[Cryptech-Commits] [user/shatov/curve25519_fpga_model] 01/04: Reworked Ed25519-specific microcode, added magic markers to allow automatic parsing.

git at cryptech.is git at cryptech.is
Mon Oct 15 13:17:10 UTC 2018


This is an automated email from the git hooks/post-receive script.

meisterpaul1 at yandex.ru pushed a commit to branch master
in repository user/shatov/curve25519_fpga_model.

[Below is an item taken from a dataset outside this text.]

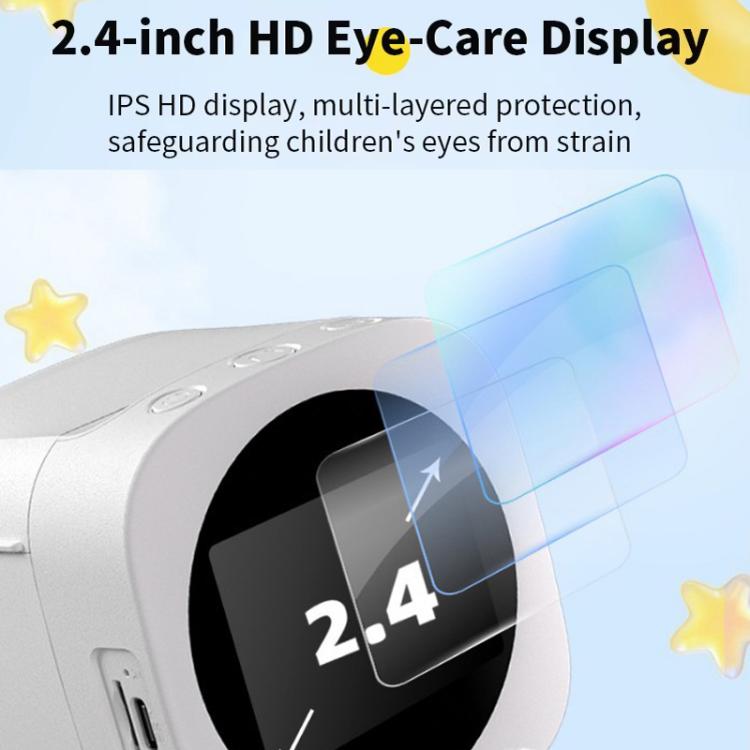 Stampante termica AI con generazione di immagini tramite riconoscimento vocale, 6 modalità creative e schermo HD da 2,4 pollici per bambini.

commit 266984f6cb40b79e924eb31a48f055484b5626e2
Author: Pavel V. Shatov (Meister) <meisterpaul1 at yandex.ru>
AuthorDate: Mon Oct 15 16:01:34 2018 +0300

    Reworked Ed25519-specific microcode, added magic markers to allow automatic
    parsing.
---
 ed25519/ed25519_fpga_curve_microcode.cpp | 164 +++++++++++++++++++------------
 1 file changed, 100 insertions(+), 64 deletions(-)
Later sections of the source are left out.